Pendant ce temps, ces groupes ayoreo isolés plus exposés vivent et se déplacent entre les estancias et les entreprises d’élevage, toujours invisibles, mais ils n’ont maintenant plus d’endroit où aller pour ne pas entendre jour et nuit le bruit des bulldozers qui, tout près de là, arrachent encore davantage de forêt, ou celui des camions sur un quelconque des nombreux chemins qui ont imposé leur quadrillage artificiel à la carte des autochtones.
Savent-ils, ces femmes ayoreo isolées et ces hommes, contre quoi ils se battent? Il y a quelque temps, ils ont déposé au bord de leur territoire des plumes et des marques chamaniques en vue de mettre un terme à la disparition du monde, mais en vain. Ils perçoivent sans doute que ce qui leur fait face, ce sont des pouvoirs plus forts que ceux de leur monde, des forces qui parlent d’autres langues. Et ils doivent commencer à douter de leurs propres forces, à se sentir menacés et affaiblis.
Cette époque-ci de l’année, les mois de février et mars, est celle du piment rouge sylvestre, et ce sont elles, les femmes ayoreo, qui parcourent la forêt pour le récolter. Cette année, elles le feront avec davantage de crainte, avec beaucoup plus de précautions, dans le vacarme incessant des machines. Il y aura moins de piments. Finis ceux de certains coins, aujourd’hui disparus. De même disparaîtra le caraguatá, qui appartient au monde des femmes. Ce sont elles qui le récoltent pour en transformer les fibres en sacs et en tissus, ces écrits quotidiens où elles tissent leurs expériences, leurs croyances, leurs espoirs et leurs rêves.
Les femmes de la cueillette sont menacées, de même que les fruits qu’elles cherchent, tout comme les hommes chasseurs, aussi menacés que les animaux qu’ils chassent. Avec eux, c’est la force indépendante, diverse et unique de leur monde qui est en danger.

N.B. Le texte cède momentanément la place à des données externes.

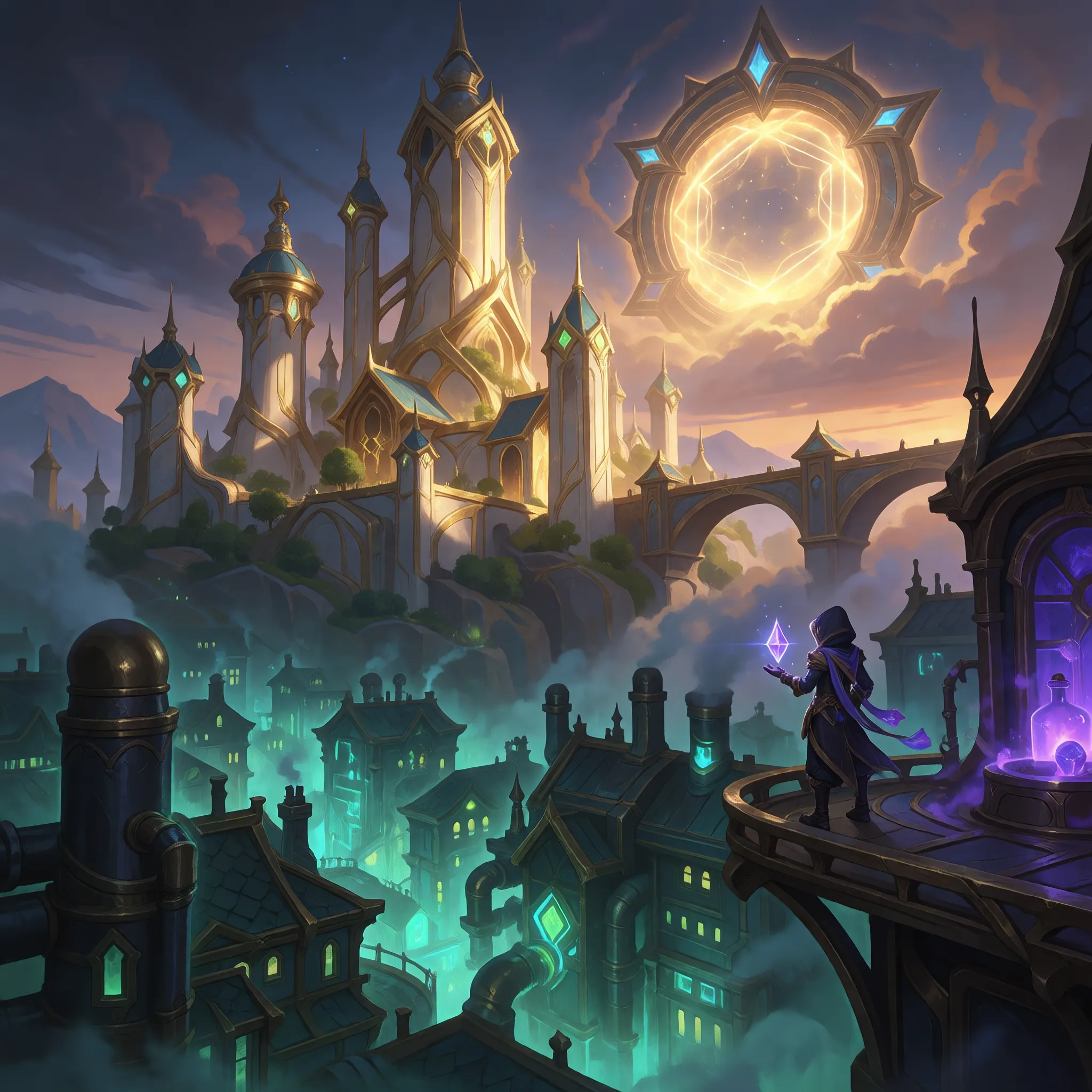 Runeterra Twin Cities Key Visual — Krea 2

La déforestation, mot qui ici, dans ce texte, à l’air si abstrait et qui cependant, dans le Nord du Chaco est si implacablement concret, la déforestation détruit peu à peu l’équilibre du monde ayoreo. Elle détruit aussi la liberté et l’autonomie, une vie qui ne dépend ni de l’argent ni du supermarché, une vie autosuffisante et durable.

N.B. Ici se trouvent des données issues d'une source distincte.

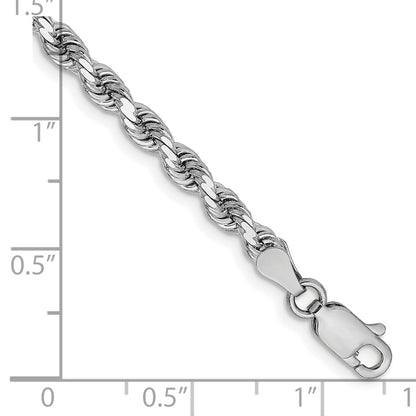 8 Inch 14K White Gold 3.25mm Diamond Cut Rope Chain Bracelet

Lutter n’est pas toujours guerroyer et attaquer. C’est parfois une floraison silencieuse, invisible et pacifique. Les femmes – et les hommes – des groupes isolés luttent contre la déforestation. Ils le font en vivant dans la forêt, et en s’accrochant à leur mode de vie, inséparable de la vie de leurs territoires. Lutter, c’est parfois être sur place et s’y maintenir, c’est s’apprécier et devenir fort, et reconnaître sa propre richesse et en être conscient.